REQUIREMENT
All records below are to be set down precisely as written, excluding pictures.

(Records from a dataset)
----------
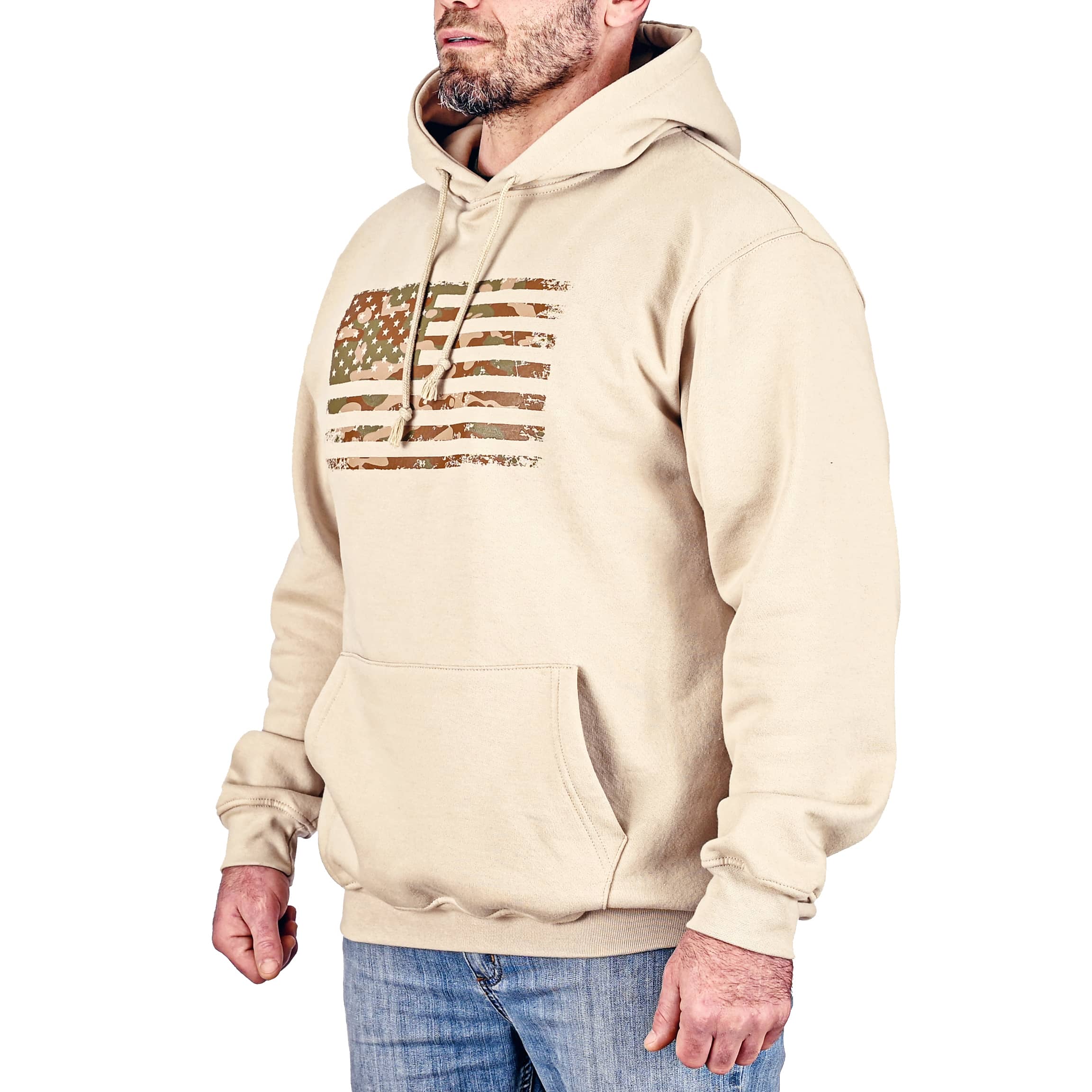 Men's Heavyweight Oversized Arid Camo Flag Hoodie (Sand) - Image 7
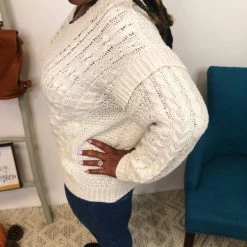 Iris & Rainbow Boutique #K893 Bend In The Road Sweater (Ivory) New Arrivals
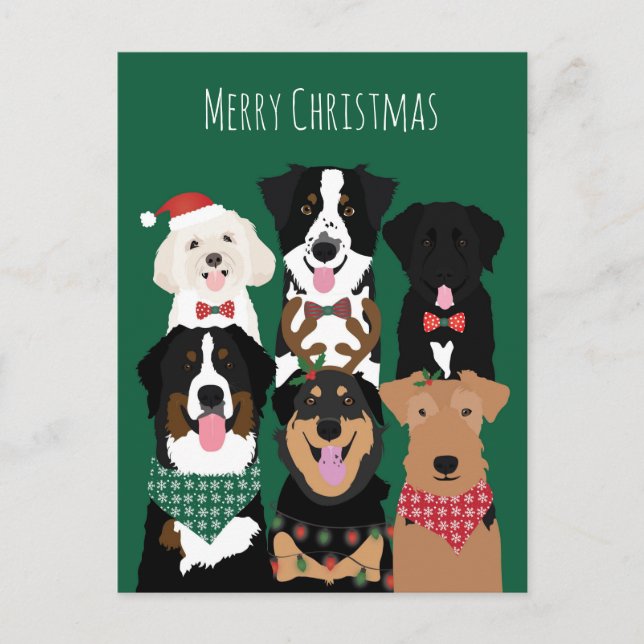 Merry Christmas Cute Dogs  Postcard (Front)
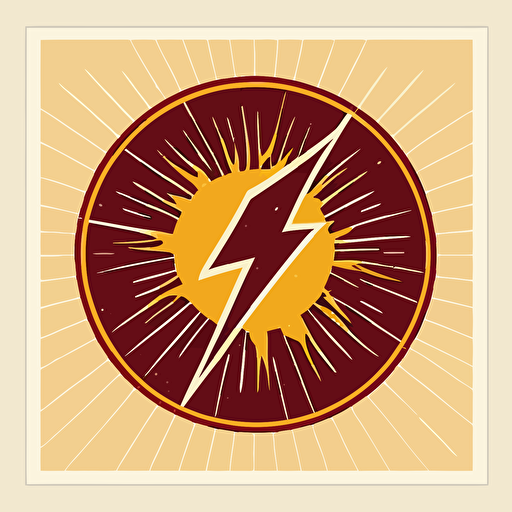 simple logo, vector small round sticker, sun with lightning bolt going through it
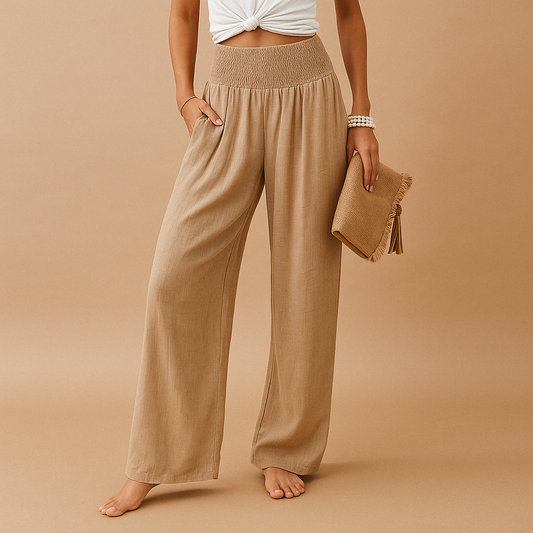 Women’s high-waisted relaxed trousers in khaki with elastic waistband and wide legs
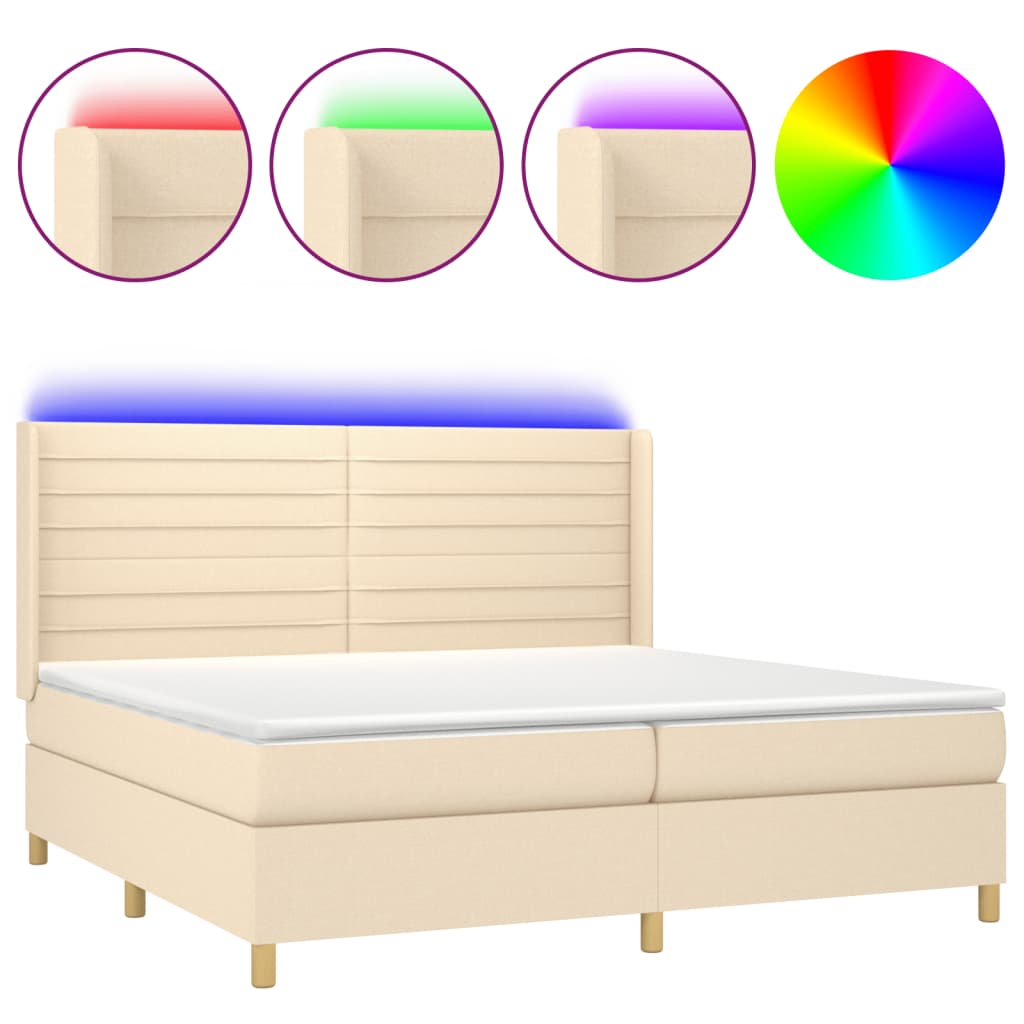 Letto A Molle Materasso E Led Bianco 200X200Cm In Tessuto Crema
----------
ANSWER BOX
 Men's Heavyweight Oversized Arid Camo Flag Hoodie (Sand) - Image 7
 Iris & Rainbow Boutique #K893 Bend In The Road Sweater (Ivory) New Arrivals
 Merry Christmas Cute Dogs  Postcard (Front)
 simple logo, vector small round sticker, sun with lightning bolt going through it
 Women’s high-waisted relaxed trousers in khaki with elastic waistband and wide legs
 Letto A Molle Materasso E Led Bianco 200X200Cm In Tessuto Crema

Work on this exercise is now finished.